Top of Exercise input

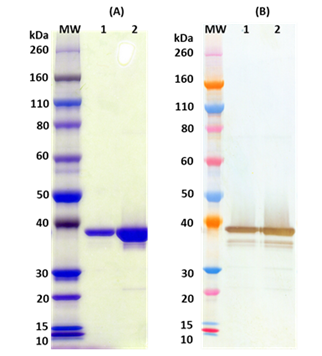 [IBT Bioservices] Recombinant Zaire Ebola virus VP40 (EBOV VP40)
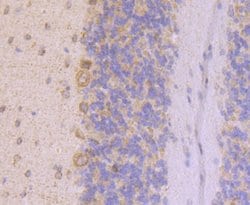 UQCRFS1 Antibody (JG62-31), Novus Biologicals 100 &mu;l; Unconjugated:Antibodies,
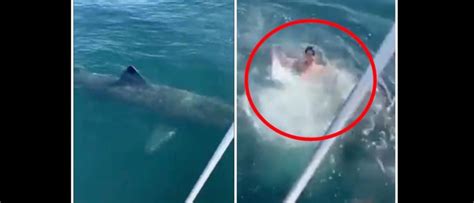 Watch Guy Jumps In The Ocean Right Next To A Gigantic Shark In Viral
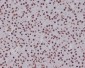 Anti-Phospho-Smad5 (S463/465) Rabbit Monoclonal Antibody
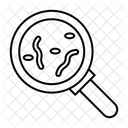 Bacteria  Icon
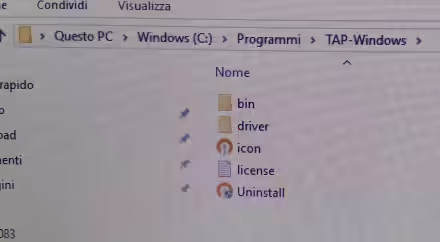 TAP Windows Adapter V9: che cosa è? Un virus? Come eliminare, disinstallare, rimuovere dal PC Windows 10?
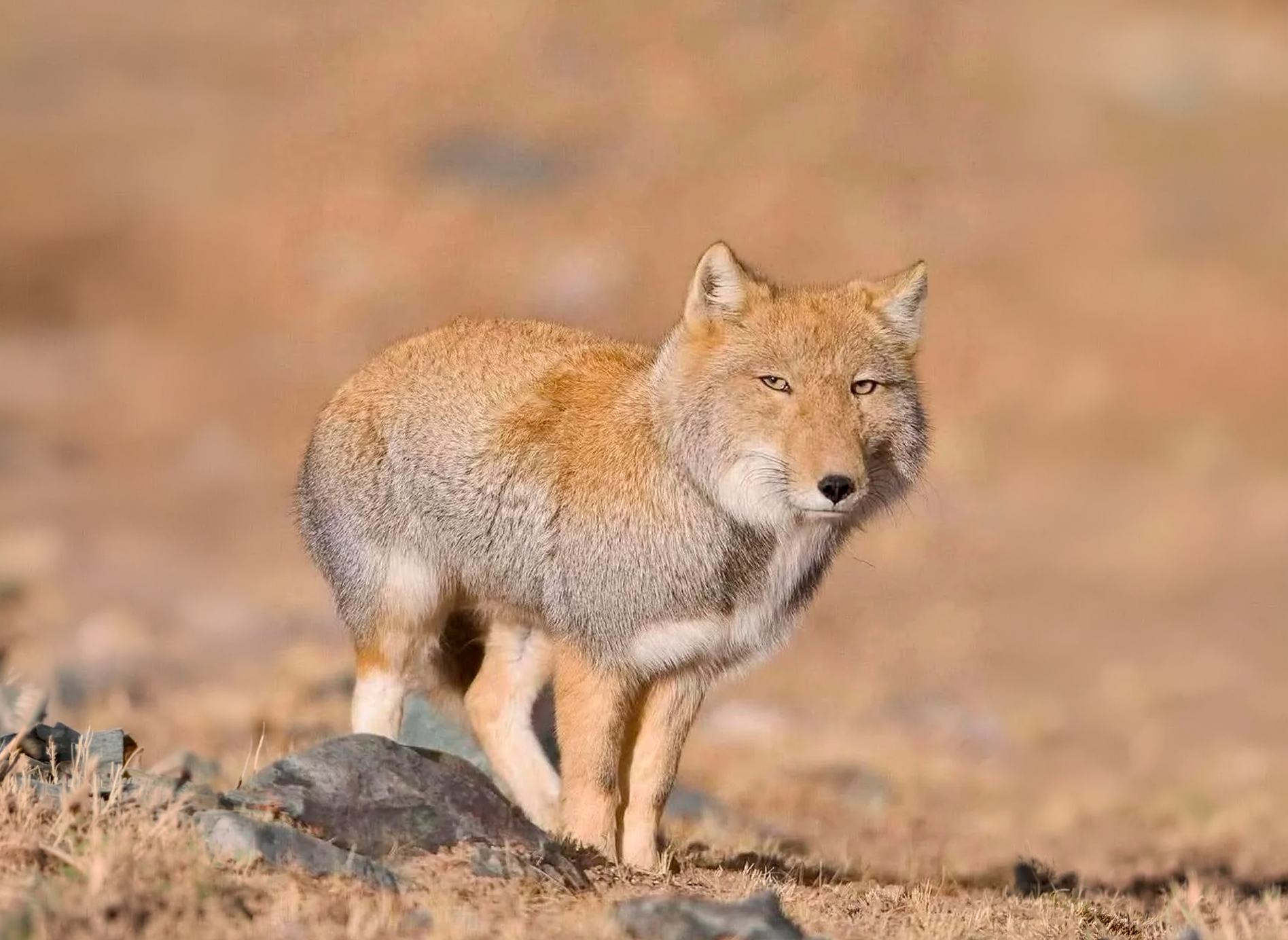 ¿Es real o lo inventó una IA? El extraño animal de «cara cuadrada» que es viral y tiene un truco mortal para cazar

Bottom of Exercise input
Top of Exercise input

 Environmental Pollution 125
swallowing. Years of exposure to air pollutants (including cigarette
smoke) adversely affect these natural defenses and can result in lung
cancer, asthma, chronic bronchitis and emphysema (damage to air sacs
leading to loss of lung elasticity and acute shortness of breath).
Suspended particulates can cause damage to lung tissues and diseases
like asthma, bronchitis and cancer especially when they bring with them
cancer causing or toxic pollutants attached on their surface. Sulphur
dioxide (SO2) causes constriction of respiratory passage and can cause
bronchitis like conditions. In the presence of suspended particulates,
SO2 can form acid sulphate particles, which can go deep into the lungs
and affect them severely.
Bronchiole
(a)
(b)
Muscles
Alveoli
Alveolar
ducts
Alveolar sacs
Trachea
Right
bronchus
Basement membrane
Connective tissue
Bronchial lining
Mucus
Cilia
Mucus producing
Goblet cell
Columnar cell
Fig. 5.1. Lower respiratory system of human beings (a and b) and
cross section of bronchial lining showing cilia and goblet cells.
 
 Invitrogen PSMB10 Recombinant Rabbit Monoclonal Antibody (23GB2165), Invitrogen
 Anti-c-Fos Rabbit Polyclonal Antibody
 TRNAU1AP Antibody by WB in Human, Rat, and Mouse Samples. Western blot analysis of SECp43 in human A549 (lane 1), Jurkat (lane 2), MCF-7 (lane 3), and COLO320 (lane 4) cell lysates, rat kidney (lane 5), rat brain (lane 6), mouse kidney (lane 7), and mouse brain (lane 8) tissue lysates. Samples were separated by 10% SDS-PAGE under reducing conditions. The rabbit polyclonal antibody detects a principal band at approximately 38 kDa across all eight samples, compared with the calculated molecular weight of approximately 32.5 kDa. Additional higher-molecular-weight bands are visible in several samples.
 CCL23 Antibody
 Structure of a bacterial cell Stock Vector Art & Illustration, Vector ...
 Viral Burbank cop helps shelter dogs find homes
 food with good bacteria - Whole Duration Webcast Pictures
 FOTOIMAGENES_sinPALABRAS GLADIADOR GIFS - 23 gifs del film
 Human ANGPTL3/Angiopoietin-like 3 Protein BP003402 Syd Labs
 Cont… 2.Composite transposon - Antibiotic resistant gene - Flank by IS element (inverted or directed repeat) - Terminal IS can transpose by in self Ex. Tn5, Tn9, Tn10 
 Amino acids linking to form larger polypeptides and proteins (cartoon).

Bottom of Exercise input

Task details:
Above this instruction are the records; retype exactly the lines from the one containing "Human ANGPTL3/Angiopoietin-like 3" up to and including the one containing "Amino acids linking".

Solution:
 Human ANGPTL3/Angiopoietin-like 3 Protein BP003402 Syd Labs
 Cont… 2.Composite transposon - Antibiotic resistant gene - Flank by IS element (inverted or directed repeat) - Terminal IS can transpose by in self Ex. Tn5, Tn9, Tn10 
 Amino acids linking to form larger polypeptides and proteins (cartoon).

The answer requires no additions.